Lester wasn't stupid. He was homicidal, delusional, addicted, but Snowden couldn't really call him stupid. As they made their way through the ravaged remains of the abandoned building, flashlights the only thing saving them from being swallowed by the profound darkness, Snowden listened to him explain all of his research into the blueprints to come up with his strategy and recognized for the first time that Lester was actually very clever. That that's what had kept the Chupacabra from being caught all this time.
The only thing easy about doing this job was that it didn't have to look like an accident; in the case of Parson Boone, no one would have believed that anyway. Lester's was a finesse plan. Snowden was not surprised to learn that Cyrus Marks, being the belligerent, homicidal hedgehog he knew him to be, had imagined a much more violent, blunt assault to get rid of Parson Boone: Shove a pound of C4 explosives against the adjoining living room wall, walk through the burning hole, and shoot everything living. Apparently, Marks had envisioned this job as the men of the Second Chance Program's graduating project.
"You and Horus leading in the assault, Bobby burning the whole thing to the ground before the police get there. That's how our congressman thinks.

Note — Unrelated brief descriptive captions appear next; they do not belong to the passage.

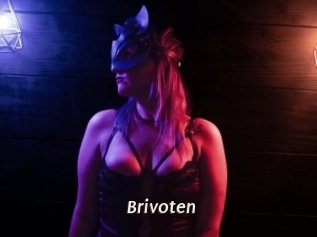 Brivoten
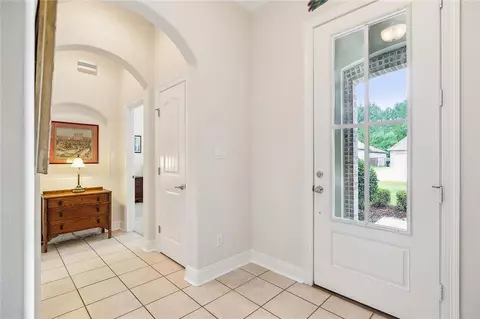 Entry Way - 209 Beebalm Cir, Covington, LA 70435 photo 1 of 2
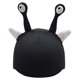 thumbnail image 1 of Funda Para Casco De Esquí, Decoración Suave Y Bonita Para Mujeres, Hombres, Ni?os, Adultos, Ni?as Y Ni?os, Color Negro, 1 of 5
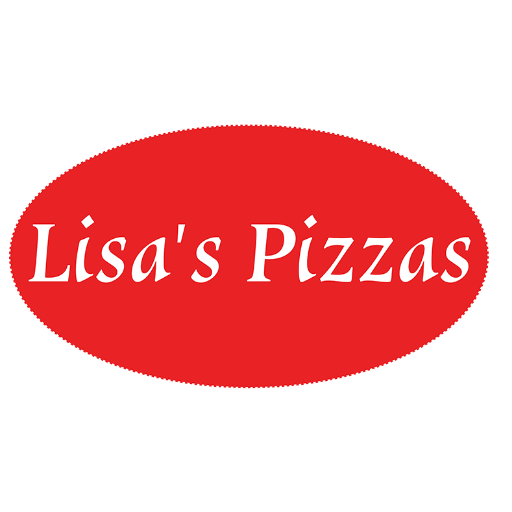 Lisa's Pizzas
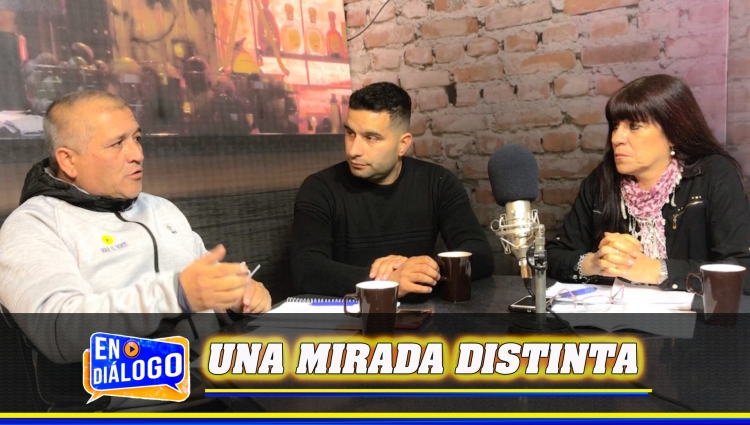 0_en-dialogo-una-mirada-distinta.jpg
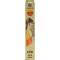 Игровая поверхность STEELSERIES QcK CS2 XXL Dragon Lore Edition (63448)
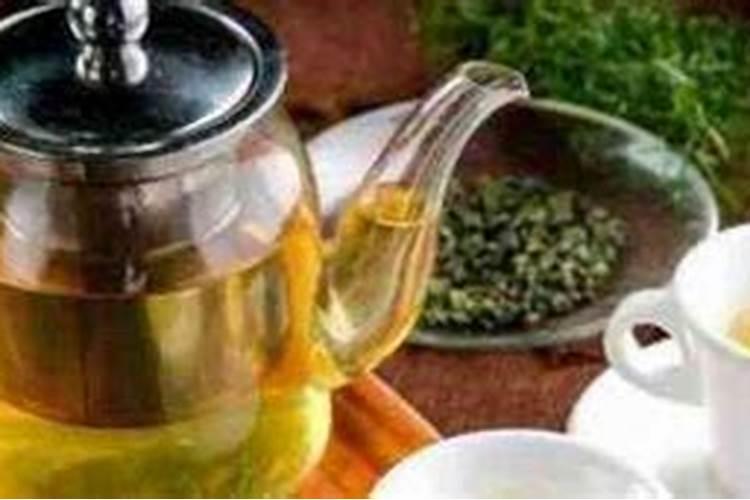 硝酸磷肥是什么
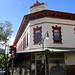 Joseph Wirth Photo 24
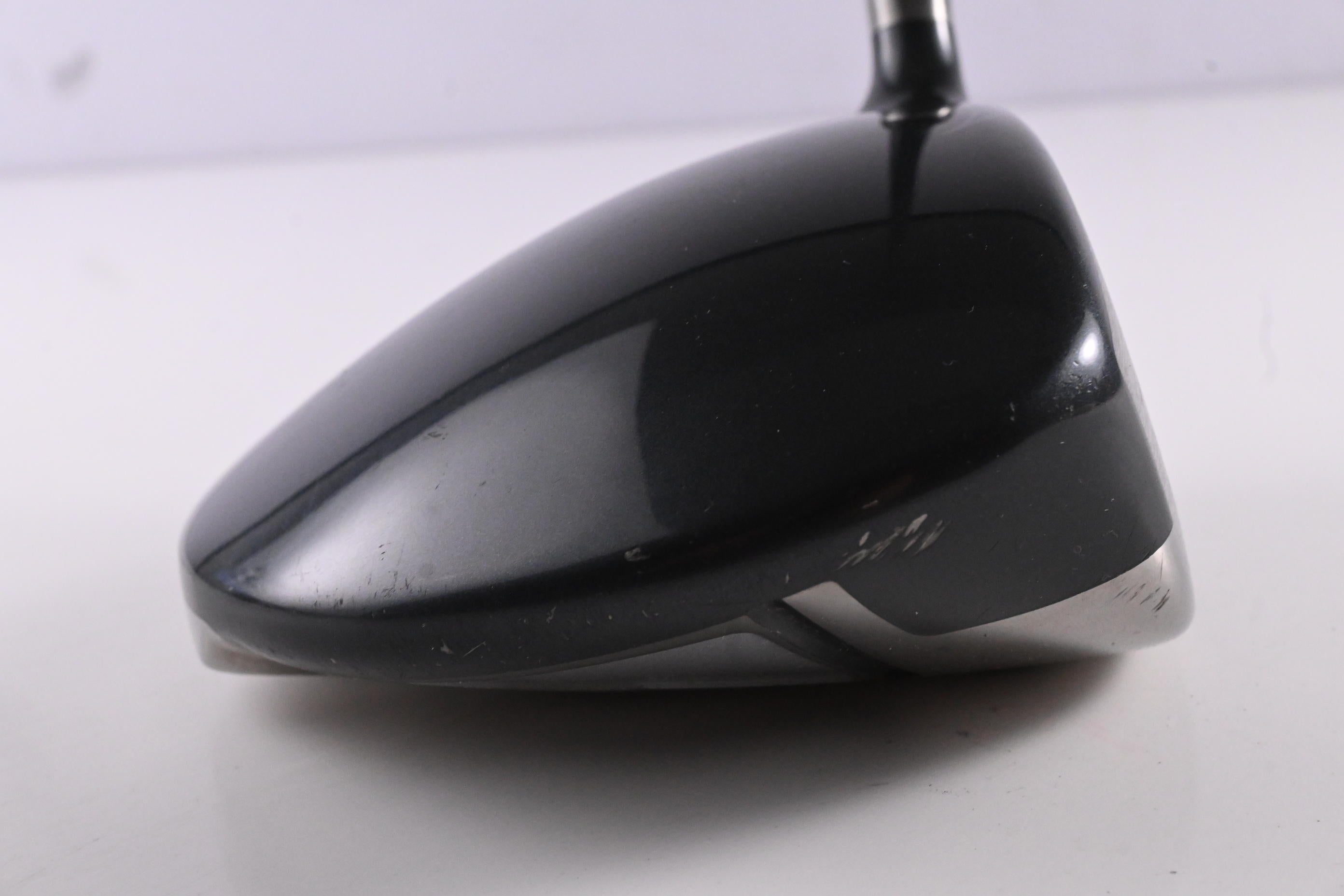Ping G20 Driver / 12 Degree / Regular Flex Project X Shaft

Big," Lester said, only the slightest slur. Snowden could tell when the man was stoned now, his nods in the wake of the first hit, the dilatory calm after, the frantic energy when his system was running out again. If Lester hadn't expressed his reservation about dynamiting a load-bearing wall in a condemned building, Snowden knew Marks would have actually forced them to go through with that. Snowden wished Bobby knew that too. That he would stop whining about a little shit on his shoes when people like Snowden were swimming in it.
When they made it to the fourth floor of the ruin, a long process in which no step assured purchase, Snowden could actually hear the echoes of talking Boone on the other side. Lester pointed his flashlight to the adjoining wall, illuminating its torn wallpaper of pink and blue lilies. Seeing the pattern, the optimism and life of the colors depressed Snowden more than the walk through the entire rotting house did. It reminded him that somebody had actually lived here once. Lester's spotlight found the fake fireplace from his Polariotls. Its grate was of ornate iron, as Snowden walked closer to it he realized it was totally solid, it only looked like it had holes in it.
"There's the old oil heating unit," Lester said lightly. There was yelling coming from the other building. Even without being able to make out the words, Snowden could recognize the sound of a man defending himself.
"It was never meant for burning wood," Lester continued. "The mantel, the way the wall comes out, real popular around the turn of the century. The look of traditional elegance with the latest in modern convenience." A hand on each side, Lester bent and strained to lift the lid away. The mechanics of the oil heater were attached to the back of it, leaving a brown, shiny stain along the wall as Lester attempted to lean it. Behind it were just two thin tubes and a lot of empty space.